Exercise prompt
All of the data should be repeated exactly; pictures are not part of the copy.

Provided data
====================
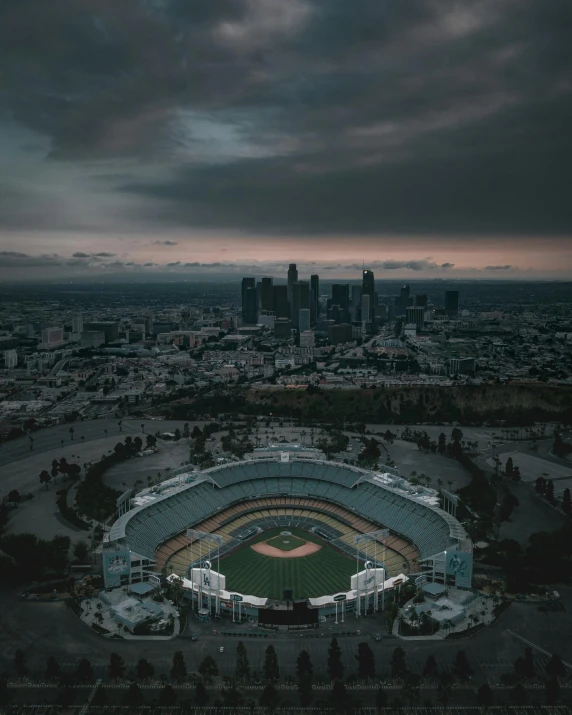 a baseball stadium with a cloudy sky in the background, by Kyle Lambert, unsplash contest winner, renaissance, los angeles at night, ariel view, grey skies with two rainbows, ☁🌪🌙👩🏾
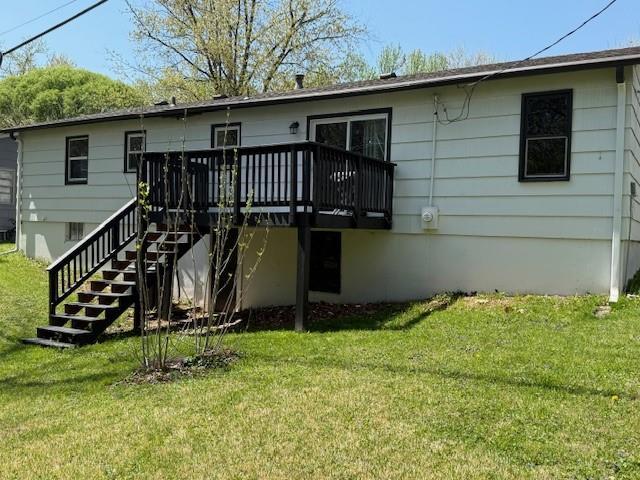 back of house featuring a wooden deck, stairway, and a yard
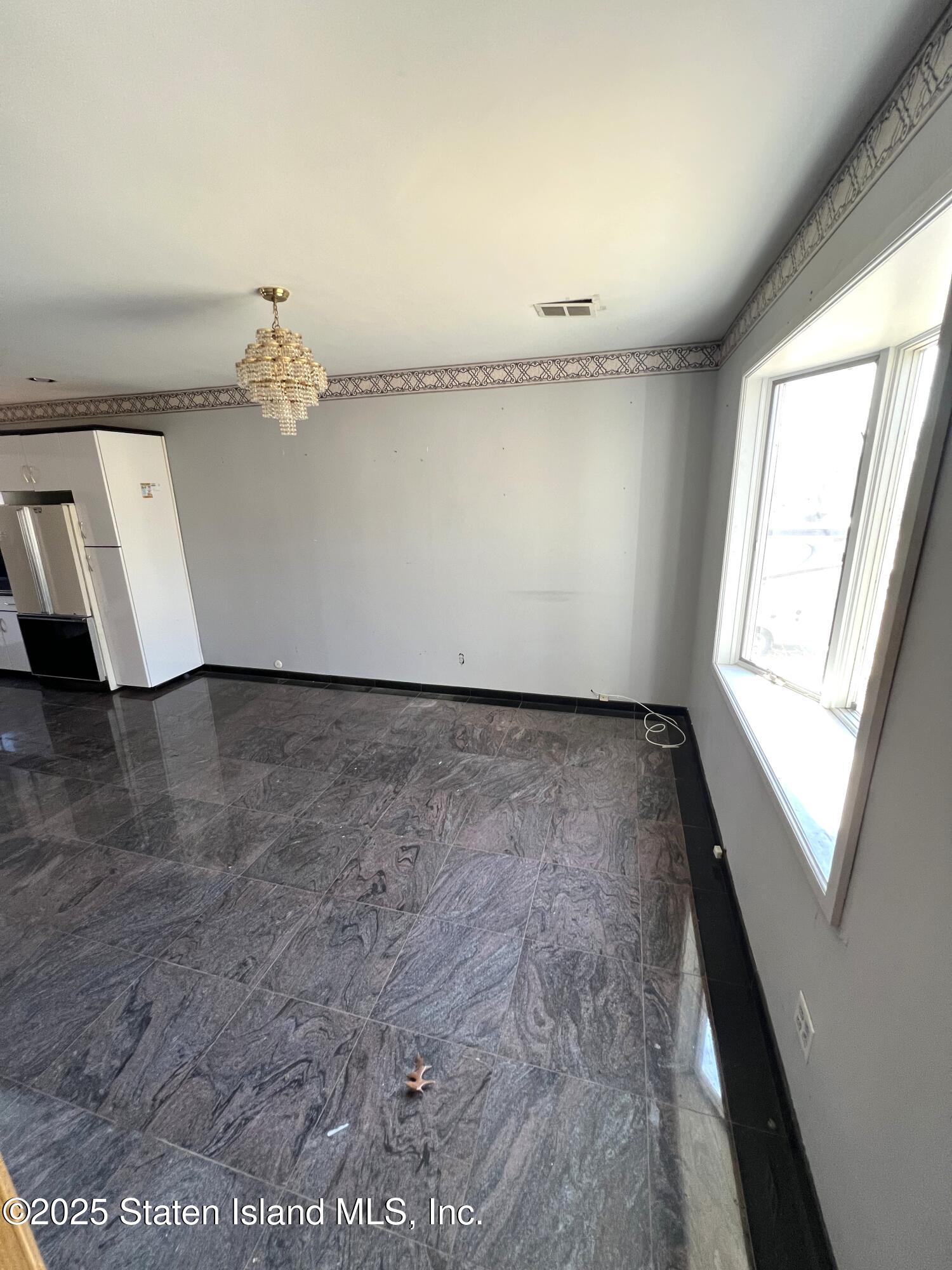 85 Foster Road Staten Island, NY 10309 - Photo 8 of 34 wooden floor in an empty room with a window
====================
Response
 a baseball stadium with a cloudy sky in the background, by Kyle Lambert, unsplash contest winner, renaissance, los angeles at night, ariel view, grey skies with two rainbows, ☁🌪🌙👩🏾
 back of house featuring a wooden deck, stairway, and a yard
 85 Foster Road Staten Island, NY 10309 - Photo 8 of 34 wooden floor in an empty room with a window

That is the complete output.